Example 12 ((2R, 4R) _monatin) Preparation of ₂ magnesium salt nonahydrate crystals (2R, 4R) Mona tin-free substance crystals 30 g (100 mmol) dispersed in water 300 ml, water at 65 ° C. 3.21 g (55 mmol) of magnesium oxide was added. Stir at 65 ° C. for 1 hour. The precipitated crystals (27.28 g) were filtered off and dried under reduced pressure at 40 ° C. for 4 hours to obtain 22.29 g of magnesium salt crystals.
<Water content> 21.22 wt% (monatin: water = 2: 9 equivalent)
<Magnesium content> 3.45 wt% (equivalent to monatin: magnesium = 2: 1)
<Intrinsic X-ray diffraction peak (2θ ± 0.2 °, CuKα)> 8.7 °, 10.5 °, 15.9 °, 17.4 ° 21.0 °, 25.6 ° (FIG. 23)
<Crystal shape> The crystal shape in the crystallization ML was columnar. (Fig. 24)

Example 13 was obtained by the method of water vapor adsorption desorption curves a second embodiment of the crystal ((2R, 4R) monatin) obtained by the method of ₂ magnesium salt tetrahydrate crystals and Example 8 (2R, 4R ) monatin) was determined water vapor adsorption desorption curves of ₂ magnesium salt dihydrate crystals. The measured values are shown in FIGS.

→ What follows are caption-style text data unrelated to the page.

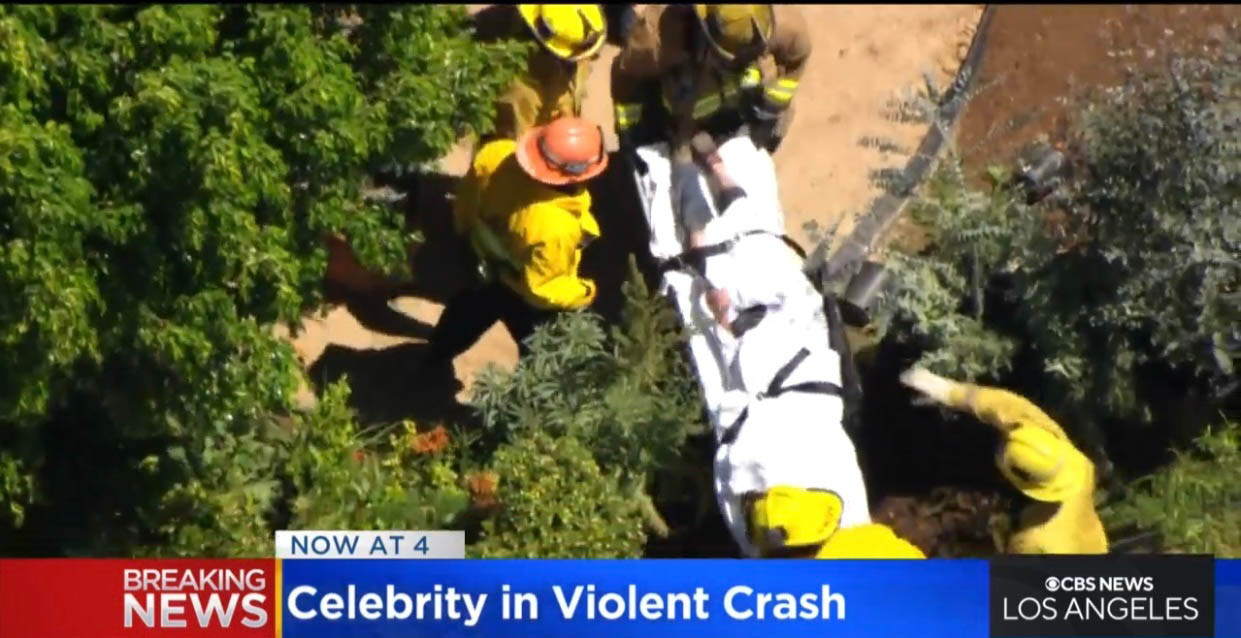 安妮希治自驾撞民宅火烧车  严重烧伤命危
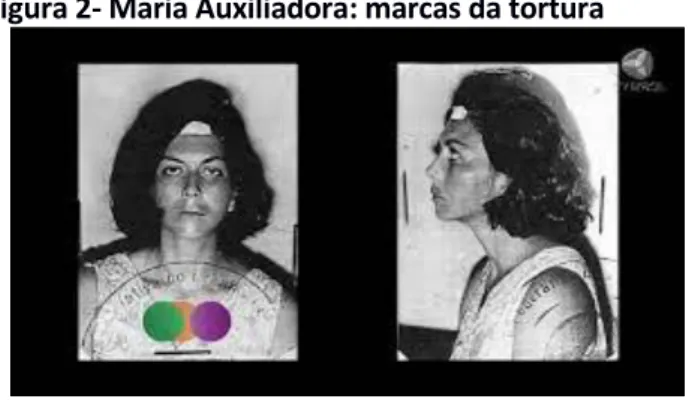 Figura 2- Maria Auxiliadora: marcas da tortura 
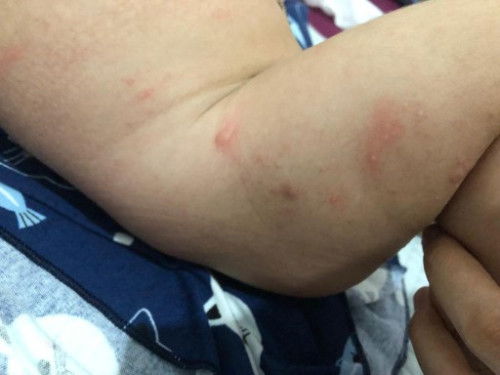 Bentol merah pada bayi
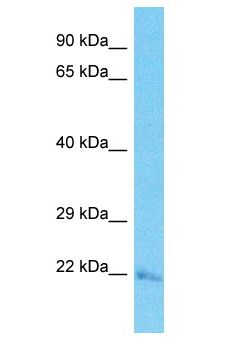 TATDN3 Antibody - TATDN3 antibody Western Blot of ACHN. Antibody dilution: 1 ug/ml.  This image was taken for the unconjugated form of this product. Other forms have not been tested.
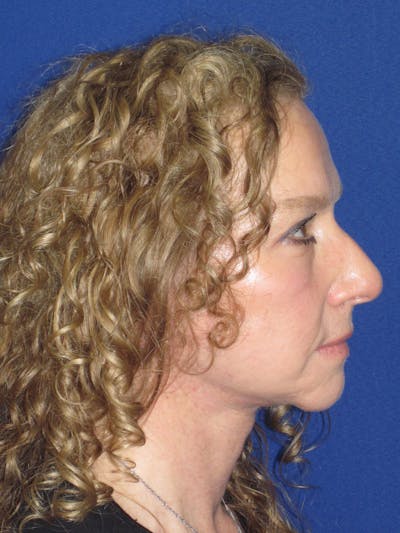 Facelift/Mini-Facelift Before & After Gallery - Patient 254891 - Image 6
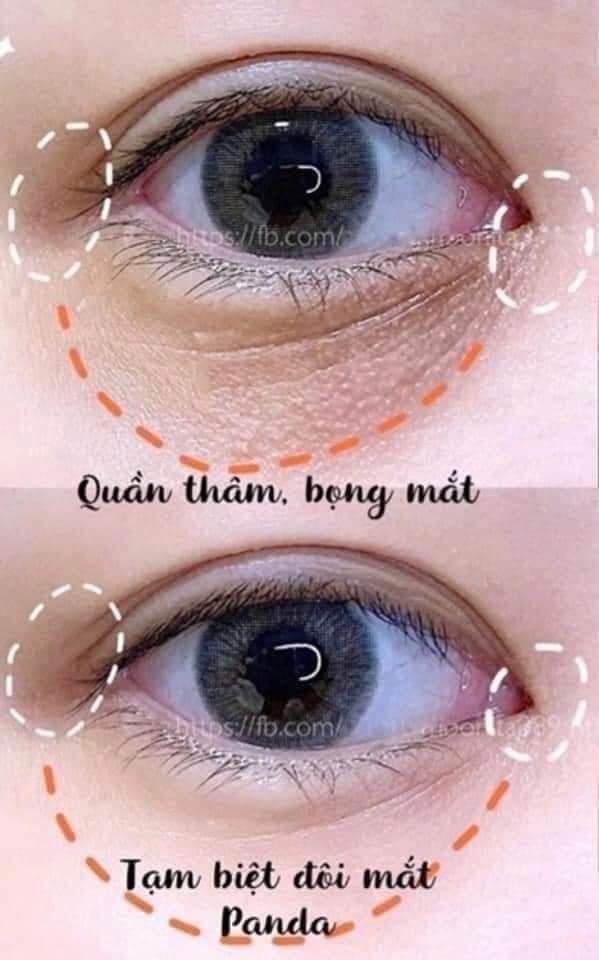 Tinh Chất Serum Dưỡng Mắt NMN Eyes All In One Memoto Omoi Essence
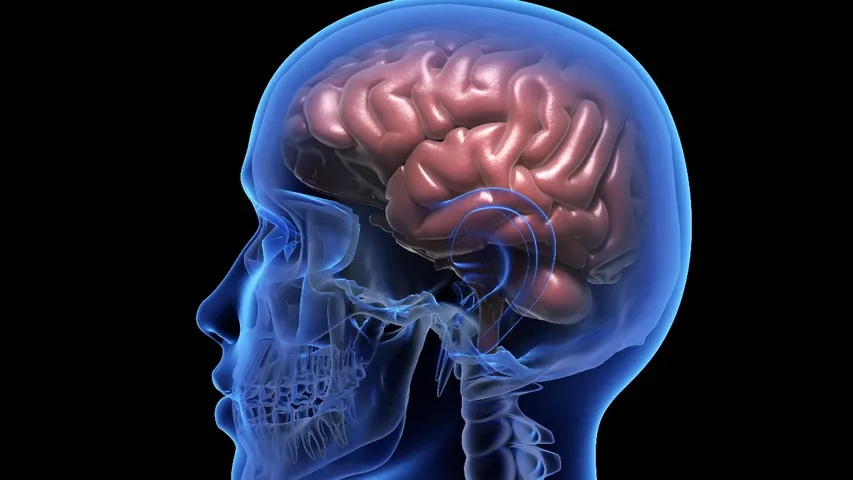 Brain Stroke
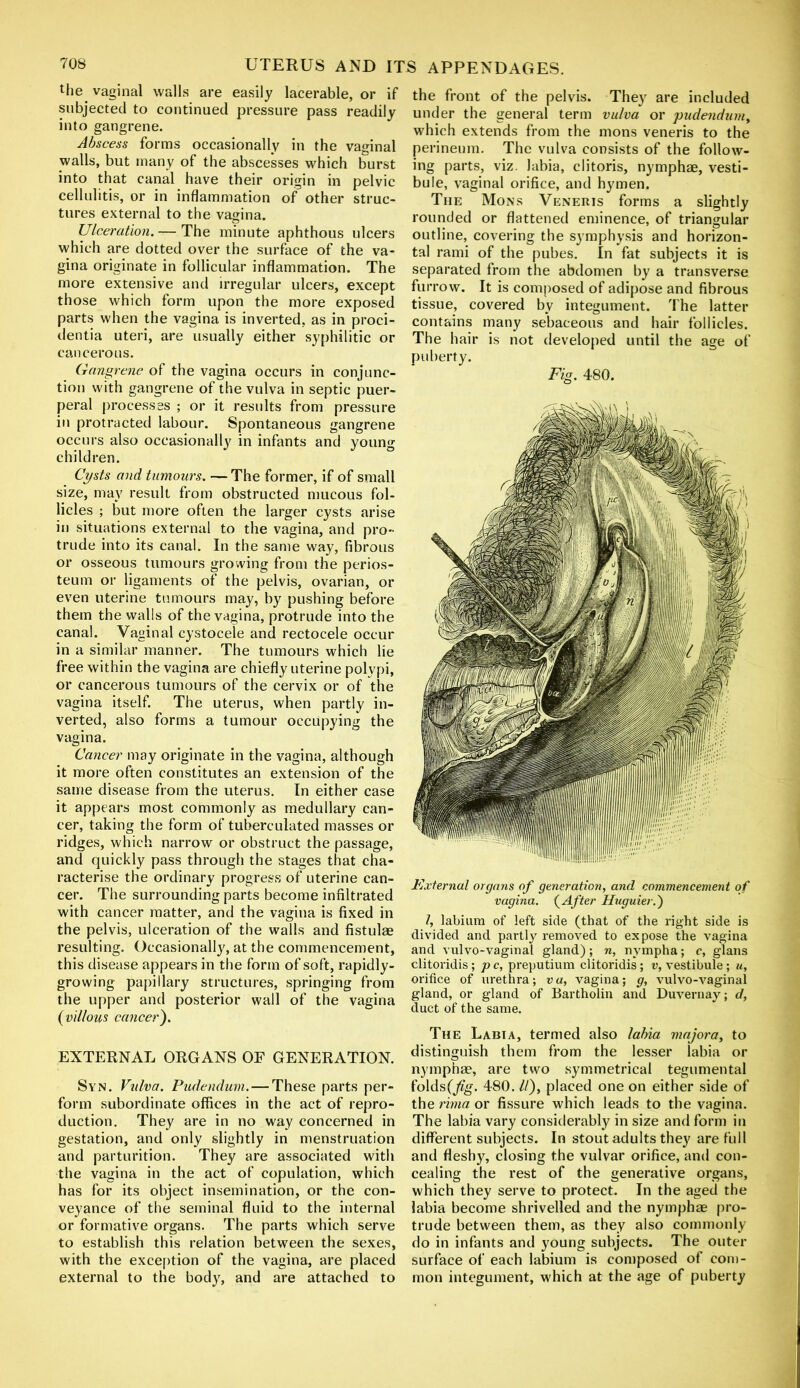 the vaginal walls are easily lacerable, or if subjected to continued pressure pass readily into gangrene. Abscess forms occasionally in the vaginal walls, but many of the abscesses which burst into that canal have their origin in pelvic cellulitis, or in inflammation of other struc- tures external to the vagina. Ulceration.— The minute aphthous ulcers which are dotted over the surface of the va- gina originate in follicular inflammation. The more extensive and irregular ulcers, except those which form upon the more exposed parts when the vagina is inverted, as in proci- dentia uteri, are usually either syphilitic or cancerous. Gangrene of the vagina occurs in conjunc- tion with gangrene of the vulva in septic puer- peral processes ; or it results from pressure in protracted labour. Spontaneous gangrene occurs also occasionally in infants and young children. Cysts and tumours. — The former, if of small size, may result from obstructed mucous fol- licles ; but more often the larger cysts arise in situations external to the vagina, and pro- trude into its canal. In the same way, fibrous or osseous tumours growing from the perios- teum or ligaments of the pelvis, ovarian, or even uterine tumours may, by pushing before them the walls of the vagina, protrude into the canal. Vaginal cystocele and rectocele occur in a similar manner. The tumours which lie free within the vagina are chiefly uterine polypi, or cancerous tumours of the cervix or of the vagina itself. The uterus, when partly in- verted, also forms a tumour occupying the vagina. Cancer may originate in the vagina, although it more often constitutes an extension of the same disease from the uterus. In either case it appears most commonly as medullary can- cer, taking the form of tuberculated masses or ridges, which narrow or obstruct the passage, and quickly pass through the stages that cha- racterise the ordinary progress of uterine can- cer. The surrounding parts become infiltrated with cancer matter, and the vagina is fixed in the pelvis, ulceration of the walls and fistulae resulting. Occasionally, at the commencement, this disease appears in the form of soft, rapidly- growing papillary structures, springing from the upper and posterior wall of the vagina (villous cancer). EXTERNAL ORGANS OF GENERATION. Syn. Vulva. Pudendum. — These parts per- form subordinate offices in the act of repro- duction. They are in no way concerned in gestation, and only slightly in menstruation and parturition. They are associated with the vagina in the act of copulation, which has for its object insemination, or the con- veyance of the seminal fluid to the internal or formative organs. The parts which serve to establish this relation between the sexes, with the exception of the vagina, are placed external to the body, and are attached to the front of the pelvis. They are included under the general term vulva or pudendum, which extends from the mons veneris to the perineum. The vulva consists of the follow- ing parts, viz. labia, clitoris, nymphae, vesti- bule, vaginal orifice, and hymen. The Mons Veneris forms a slightly rounded or flattened eminence, of triangular outline, covering the symphysis and horizon- tal rami of the pubes. In fat subjects it is separated from the abdomen by a transverse furrow. It is composed of adipose and fibrous tissue, covered by integument. The latter contains many sebaceous and hair follicles. The hair is not developed until the age of puberty. Fig. 480. External organs of generation, and commencement of vagina. (After Huguier.') I, labium of left side (that of the right side is divided and partly removed to expose the vagina and vulvo-vaginal gland); n, nympha; c, glans clitoridis ; p c, preputium clitoridis ; v, vestibule; u, orifice of urethra; va, vagina; g, vulvo-vaginal gland, or gland of Bartholin and Duvernay; d, duct of the same. The Labia, termed also labia majora, to distinguish them from the lesser labia or nymphae, are two symmetrical tegumental folds(j%. 480. //), placed one on either side of the rima or fissure which leads to the vagina. The labia vary considerably in size and form in different subjects. In stout adults they are full and fleshy, closing the vulvar orifice, and con- cealing the rest of the generative organs, which they serve to protect. In the aged the labia become shrivelled and the nymphae pro- trude between them, as they also commonly do in infants and young subjects. The outer surface of each labium is composed of com- mon integument, which at the age of puberty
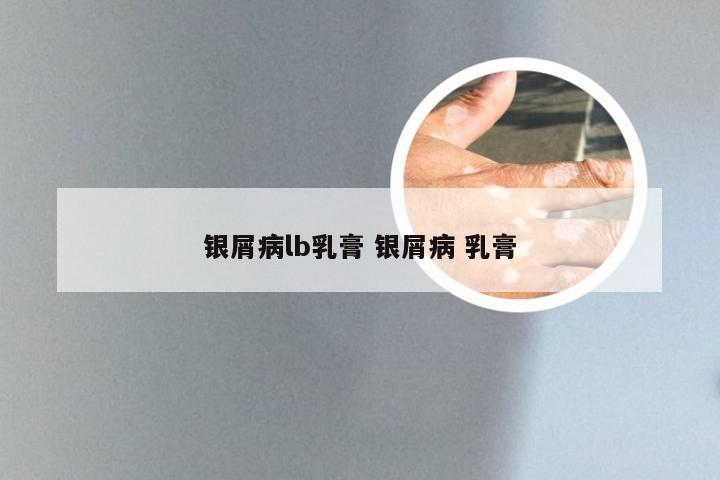 银屑病lb乳膏 银屑病 乳膏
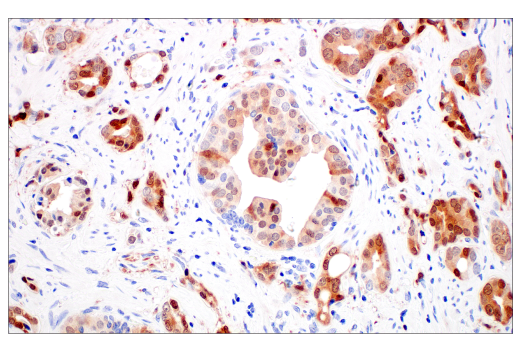 Immunohistochemistry Image 4: p16 INK4A (BC42) Mouse mAb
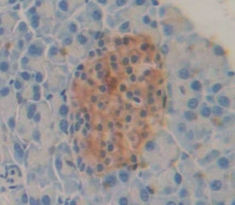 Polyclonal Antibody to Neuregulin 4 (NRG4)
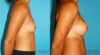 Breast Augmentation case #5997 slider thumbnail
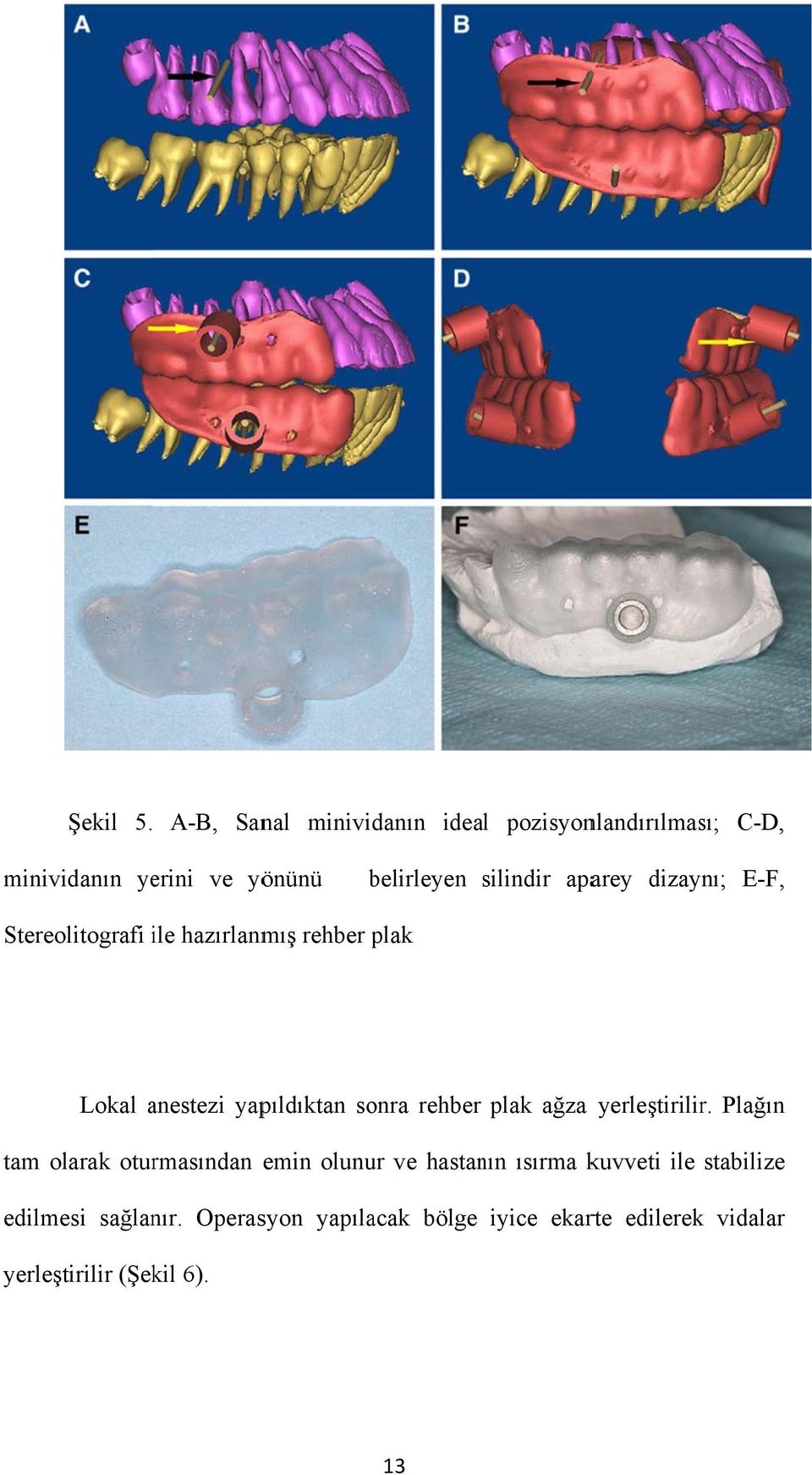 aparey dizaynı; E-F, Stereolitografi ile i hazırlanmış rehber plak Lokal anestezi yapıldıktan sonra rehber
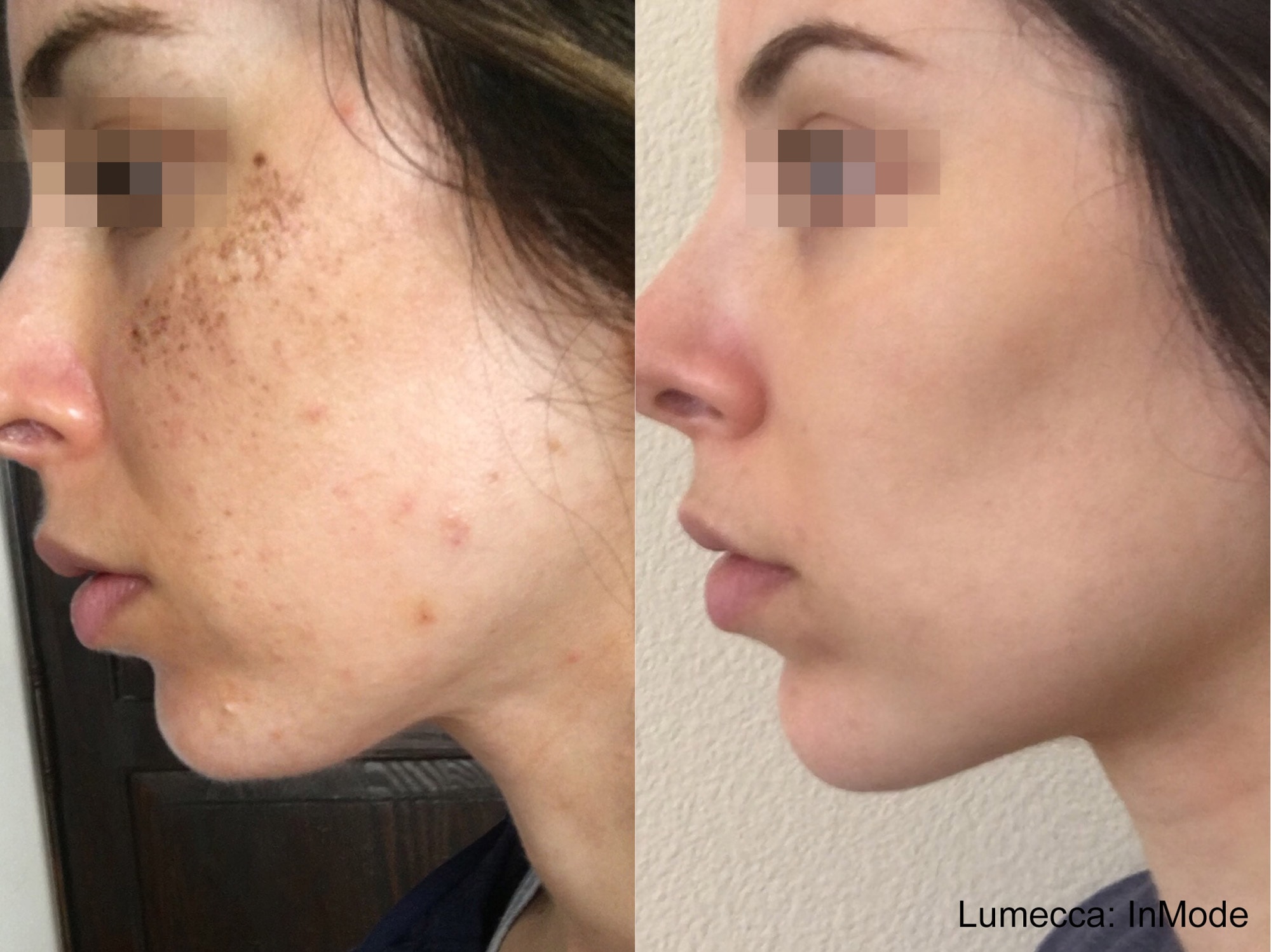 Lumecca facial acne and pigmentation treatment before and after photos by InMode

[Test Example 1] Storage stability evaluation (with glucose)
Obtained in Example 1 ((2R, 4R) _{monatin) 2} calcium salt pentahydrate crystals, obtained in Example 2 ((2R, 4R) _{monatin) 2} magnesium salt tetrahydrate crystals, Example ((2R, 4R) monatin) ₂ calcium salt 4.6 hydrate 0.67 ethanol solvate crystal obtained in Example 3, (2R, 4R) monatin obtained in Example 8 ₂ magnesium salt dihydrate Product crystal, (2R, 4R) monatin) obtained in Example 9, ₂ magnesium salt 1 ethanol solvate crystal, (2R, 4R) monatin obtained in Example 10) ₂ magnesium salt 0.23 methanol solvate crystal The storage stability of the monatin monopotassium salt crystals obtained in Production Example 1 was evaluated by the following method.

[Storage conditions]
1 g of the sweetening composition shown in Formulation Table 1 was filled into a paper wrapping material and sealed with a heat seal. The sample was stored in a constant temperature and humidity chamber at 44 ° C. and 78% for a predetermined time, and the entire amount of the stored sample was dissolved in 50 mL of water, and the residual rate of each monatin salt was calculated from the HPLC analysis value of the dissolved solution.
[Residual rate change with time]
Table 3 shows the results of the monatin survival rate. Calcium salt crystals and magnesium salt crystals were found to have a higher survival rate under high temperature and high humidity than potassium salt crystals. Table 4 shows the results of the transmittance of the stored product solution. In the case of potassium salt crystals, the transmittance decreases and the color is yellow, but in the case of calcium salt crystals and magnesium salt crystals, no color change is observed.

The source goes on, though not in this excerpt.